A pupil of Reuben baptist community school demonstrates to Andy who is an Oxfam supporter how to use the Fresh life toilet, Mukuru, Nairobi, Kenya, 2017. Allan Gichigi/Oxfam
Paper publication date: 
Monday, September 3, 2018

This paper explores the hypothesis that funding mechanisms such as outcomes-based funding and upfront investment can help to overcome the risk aversion associated with the high capex costs of solar-powered water pumps (SWPs) and hence begin to catalyse SWP market growth in Kenya. Evidence for the role of SWPs as a reliable source of water in drought periods has been growing since the 2011 drought, one of Kenya’s worst in decades but one during which villages with SWPs set up displayed a self-sufficiency in water supply. Despite the superior economics of SWPs in the arid and semi-arid lands (ASALs) of Kenya, investment in this technology has overwhelming been made through NGO grant financing. This can be a hindrance to sustainability – with the handover of systems being the ultimate goal, rather than the finance system or structure set up to manage these systems.
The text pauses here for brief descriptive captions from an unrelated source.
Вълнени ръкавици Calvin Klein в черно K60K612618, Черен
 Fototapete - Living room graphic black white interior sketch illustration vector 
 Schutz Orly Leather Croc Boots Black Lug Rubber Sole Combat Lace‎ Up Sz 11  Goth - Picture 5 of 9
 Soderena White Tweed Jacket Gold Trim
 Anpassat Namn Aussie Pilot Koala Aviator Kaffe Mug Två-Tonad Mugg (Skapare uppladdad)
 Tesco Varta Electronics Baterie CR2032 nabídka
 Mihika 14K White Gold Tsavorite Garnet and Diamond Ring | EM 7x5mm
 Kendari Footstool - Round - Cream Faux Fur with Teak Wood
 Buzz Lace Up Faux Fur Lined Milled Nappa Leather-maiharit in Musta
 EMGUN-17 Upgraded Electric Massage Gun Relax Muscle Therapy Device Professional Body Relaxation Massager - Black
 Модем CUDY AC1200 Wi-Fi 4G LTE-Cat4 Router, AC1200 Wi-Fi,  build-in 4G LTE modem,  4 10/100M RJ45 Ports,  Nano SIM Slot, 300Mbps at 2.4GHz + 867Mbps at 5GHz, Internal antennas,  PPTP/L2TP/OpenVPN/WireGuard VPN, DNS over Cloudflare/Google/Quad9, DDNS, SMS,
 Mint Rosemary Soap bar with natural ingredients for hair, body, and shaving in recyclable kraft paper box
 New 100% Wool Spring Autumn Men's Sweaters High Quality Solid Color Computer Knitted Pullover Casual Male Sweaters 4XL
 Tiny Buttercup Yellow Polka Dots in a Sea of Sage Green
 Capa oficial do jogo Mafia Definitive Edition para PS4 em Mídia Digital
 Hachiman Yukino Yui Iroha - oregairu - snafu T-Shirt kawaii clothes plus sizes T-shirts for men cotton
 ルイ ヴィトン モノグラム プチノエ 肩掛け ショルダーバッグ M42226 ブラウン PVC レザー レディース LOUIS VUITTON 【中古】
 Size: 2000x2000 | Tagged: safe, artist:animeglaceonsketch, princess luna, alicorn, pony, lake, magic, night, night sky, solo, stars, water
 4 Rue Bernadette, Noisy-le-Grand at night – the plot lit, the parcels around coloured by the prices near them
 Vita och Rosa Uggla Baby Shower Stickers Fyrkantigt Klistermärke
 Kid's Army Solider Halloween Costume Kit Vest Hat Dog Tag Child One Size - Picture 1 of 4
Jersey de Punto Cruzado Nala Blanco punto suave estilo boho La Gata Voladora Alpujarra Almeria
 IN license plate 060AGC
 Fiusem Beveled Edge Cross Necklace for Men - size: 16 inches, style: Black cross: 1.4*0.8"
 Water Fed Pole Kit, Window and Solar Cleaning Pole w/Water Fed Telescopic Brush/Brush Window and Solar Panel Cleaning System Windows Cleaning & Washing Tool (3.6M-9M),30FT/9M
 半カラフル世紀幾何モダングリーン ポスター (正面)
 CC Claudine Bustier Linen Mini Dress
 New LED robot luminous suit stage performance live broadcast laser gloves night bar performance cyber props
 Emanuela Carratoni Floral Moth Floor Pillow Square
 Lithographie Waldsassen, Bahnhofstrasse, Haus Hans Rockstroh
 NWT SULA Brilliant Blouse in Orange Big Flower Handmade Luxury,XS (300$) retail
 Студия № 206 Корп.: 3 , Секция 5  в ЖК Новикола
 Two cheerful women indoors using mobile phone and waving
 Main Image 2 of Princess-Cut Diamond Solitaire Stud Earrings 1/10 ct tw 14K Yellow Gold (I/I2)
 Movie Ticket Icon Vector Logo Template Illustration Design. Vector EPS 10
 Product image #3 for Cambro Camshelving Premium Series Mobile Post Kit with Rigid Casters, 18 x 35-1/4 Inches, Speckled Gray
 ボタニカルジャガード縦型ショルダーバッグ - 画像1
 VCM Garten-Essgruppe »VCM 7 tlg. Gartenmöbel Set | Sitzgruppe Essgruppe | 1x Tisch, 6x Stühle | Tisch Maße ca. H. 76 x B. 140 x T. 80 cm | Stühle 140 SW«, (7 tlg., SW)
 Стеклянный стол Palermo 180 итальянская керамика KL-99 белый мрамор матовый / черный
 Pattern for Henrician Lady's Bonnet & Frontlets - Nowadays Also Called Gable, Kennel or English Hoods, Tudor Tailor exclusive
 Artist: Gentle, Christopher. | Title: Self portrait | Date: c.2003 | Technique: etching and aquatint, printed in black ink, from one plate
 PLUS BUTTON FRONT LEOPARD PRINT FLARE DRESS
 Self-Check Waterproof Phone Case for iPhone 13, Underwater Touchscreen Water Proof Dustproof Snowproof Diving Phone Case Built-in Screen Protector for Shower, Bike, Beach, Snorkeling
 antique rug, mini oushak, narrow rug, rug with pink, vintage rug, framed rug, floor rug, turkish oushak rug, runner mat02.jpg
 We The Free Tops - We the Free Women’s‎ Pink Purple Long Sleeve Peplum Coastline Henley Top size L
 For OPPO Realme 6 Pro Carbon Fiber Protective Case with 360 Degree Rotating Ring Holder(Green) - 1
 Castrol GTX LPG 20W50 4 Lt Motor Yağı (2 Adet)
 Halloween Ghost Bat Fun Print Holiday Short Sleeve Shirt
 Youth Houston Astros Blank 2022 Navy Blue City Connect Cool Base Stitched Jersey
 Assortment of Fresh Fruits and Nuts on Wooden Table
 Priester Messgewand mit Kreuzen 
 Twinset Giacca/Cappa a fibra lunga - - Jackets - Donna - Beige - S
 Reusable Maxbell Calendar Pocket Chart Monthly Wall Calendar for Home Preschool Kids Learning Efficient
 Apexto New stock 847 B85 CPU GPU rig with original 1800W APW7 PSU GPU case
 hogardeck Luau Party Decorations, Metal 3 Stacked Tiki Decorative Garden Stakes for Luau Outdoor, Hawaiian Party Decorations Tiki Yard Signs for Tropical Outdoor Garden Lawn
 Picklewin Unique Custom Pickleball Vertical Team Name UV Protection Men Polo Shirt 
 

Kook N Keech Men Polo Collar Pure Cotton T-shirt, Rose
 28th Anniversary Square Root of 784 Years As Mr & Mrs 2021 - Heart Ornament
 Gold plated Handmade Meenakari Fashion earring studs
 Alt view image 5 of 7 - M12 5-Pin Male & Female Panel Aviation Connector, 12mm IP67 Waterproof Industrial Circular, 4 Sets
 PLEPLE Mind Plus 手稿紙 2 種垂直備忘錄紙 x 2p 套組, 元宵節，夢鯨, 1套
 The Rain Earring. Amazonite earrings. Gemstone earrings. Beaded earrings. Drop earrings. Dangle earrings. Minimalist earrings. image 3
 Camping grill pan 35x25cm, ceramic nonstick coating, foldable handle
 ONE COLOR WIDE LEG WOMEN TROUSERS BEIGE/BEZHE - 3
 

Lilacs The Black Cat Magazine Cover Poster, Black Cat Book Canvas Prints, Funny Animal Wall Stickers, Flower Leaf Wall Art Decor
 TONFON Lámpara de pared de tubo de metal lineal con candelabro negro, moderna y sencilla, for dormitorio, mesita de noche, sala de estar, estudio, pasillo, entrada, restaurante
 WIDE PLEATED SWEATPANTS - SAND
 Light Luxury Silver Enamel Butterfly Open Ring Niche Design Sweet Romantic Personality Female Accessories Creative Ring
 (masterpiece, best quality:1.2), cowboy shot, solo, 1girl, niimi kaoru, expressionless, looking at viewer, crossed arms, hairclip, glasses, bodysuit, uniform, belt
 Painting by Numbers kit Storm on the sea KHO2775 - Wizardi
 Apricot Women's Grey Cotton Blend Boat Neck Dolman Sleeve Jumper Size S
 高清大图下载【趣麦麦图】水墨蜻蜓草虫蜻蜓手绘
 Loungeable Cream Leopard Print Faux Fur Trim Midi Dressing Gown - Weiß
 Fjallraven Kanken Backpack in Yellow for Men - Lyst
This research paper evaluates under what conditions SWP systems are commercially viable; what is the impact of non-revenue water (NRW) and the level of tariff on commercial viability; and finally, what are the implications of these findings for the optimal funding mix for the development of sustainable SWP systems.

It finds that both tariffs and NRW are key determinants of commercial viability in the long term and that, without addressing some of the underlying issues that hinder adequate revenue collection, the market will continue to face challenges in becoming self-sustaining. The funding process for ongoing maintenance and operations can not only provide the finance to ensure a functional service but can also improve transparency and accountability.

For this reason, in designing a funding mechanism it is necessary to think realistically about the level of support that might be required for the projects led by Water User Associations (WUAs), where revenue collection is likely to be more challenging: for example, considering whether conditions for funding should include capacity building for financial management or grant funding for affordable yet viable water access, as well as the role of technology (e.g. water ATMs, electronic billing systems) in overcoming transparency and revenue challenges.